WHAT TO PRODUCE: Transcribe all of the records word for word, but omit the pictures.

(Scraped caption text data)
+ + + + +
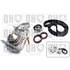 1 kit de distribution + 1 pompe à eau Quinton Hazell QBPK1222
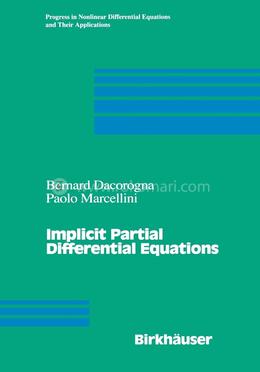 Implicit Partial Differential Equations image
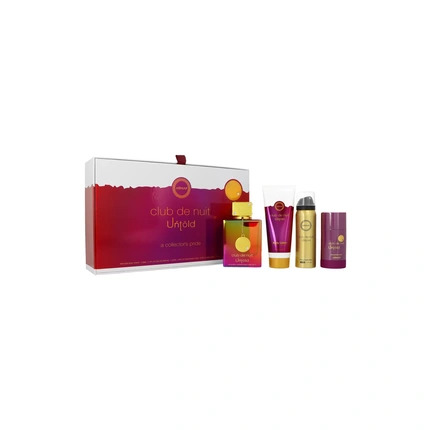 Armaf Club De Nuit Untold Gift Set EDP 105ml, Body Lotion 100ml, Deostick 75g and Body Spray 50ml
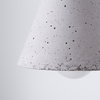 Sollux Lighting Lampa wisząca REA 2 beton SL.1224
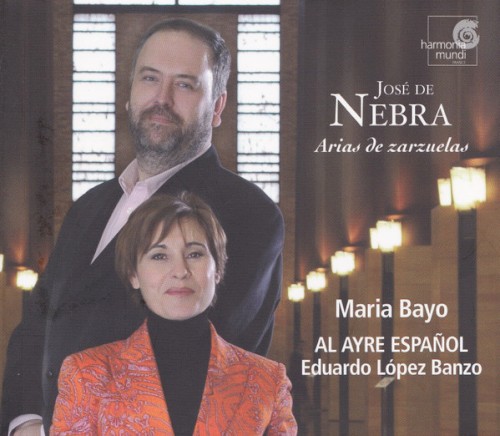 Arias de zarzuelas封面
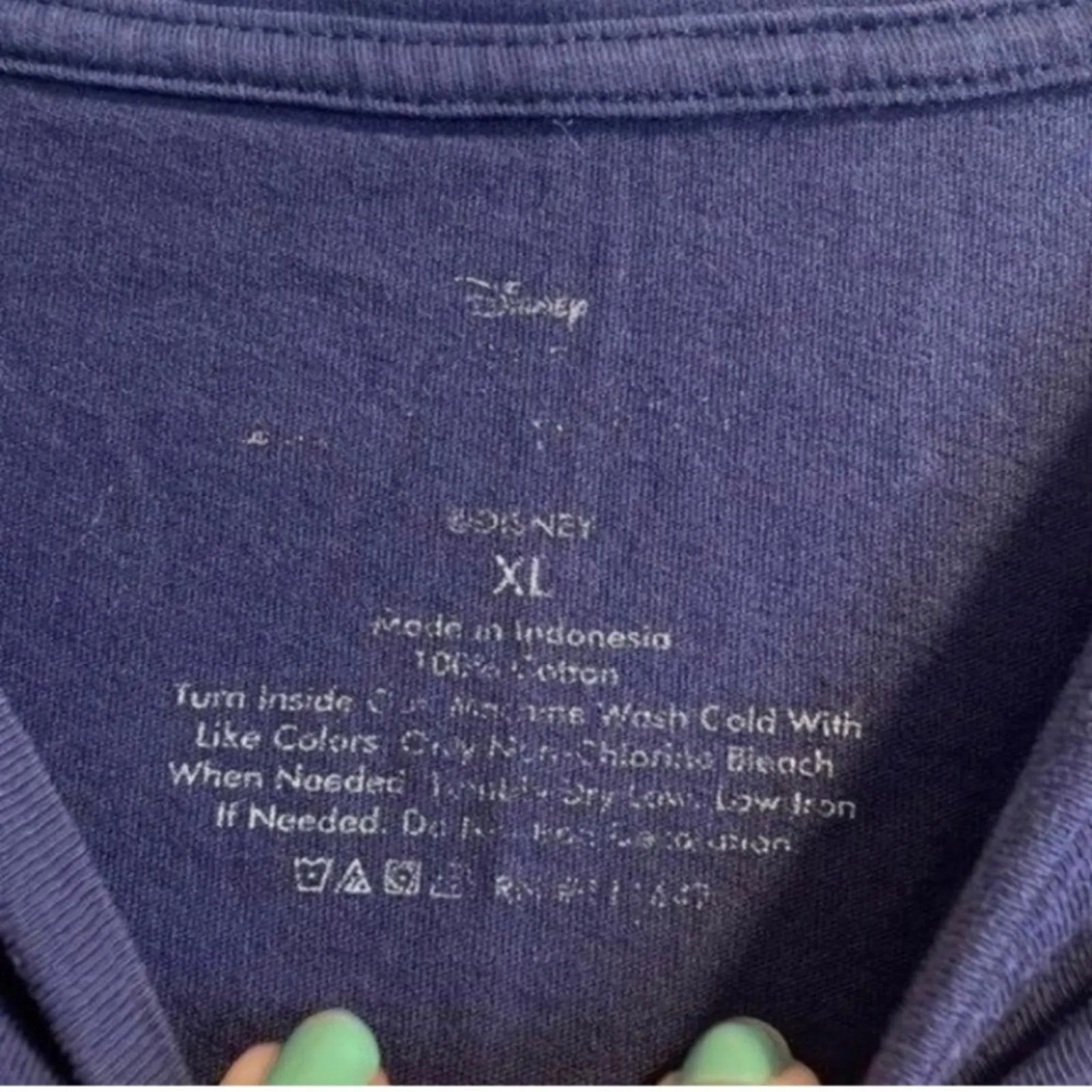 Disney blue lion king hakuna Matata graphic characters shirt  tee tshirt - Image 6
+ + + + +
ANSWER AREA:
 1 kit de distribution + 1 pompe à eau Quinton Hazell QBPK1222
 Implicit Partial Differential Equations image
 Armaf Club De Nuit Untold Gift Set EDP 105ml, Body Lotion 100ml, Deostick 75g and Body Spray 50ml
 Sollux Lighting Lampa wisząca REA 2 beton SL.1224
 Arias de zarzuelas封面
 Disney blue lion king hakuna Matata graphic characters shirt  tee tshirt - Image 6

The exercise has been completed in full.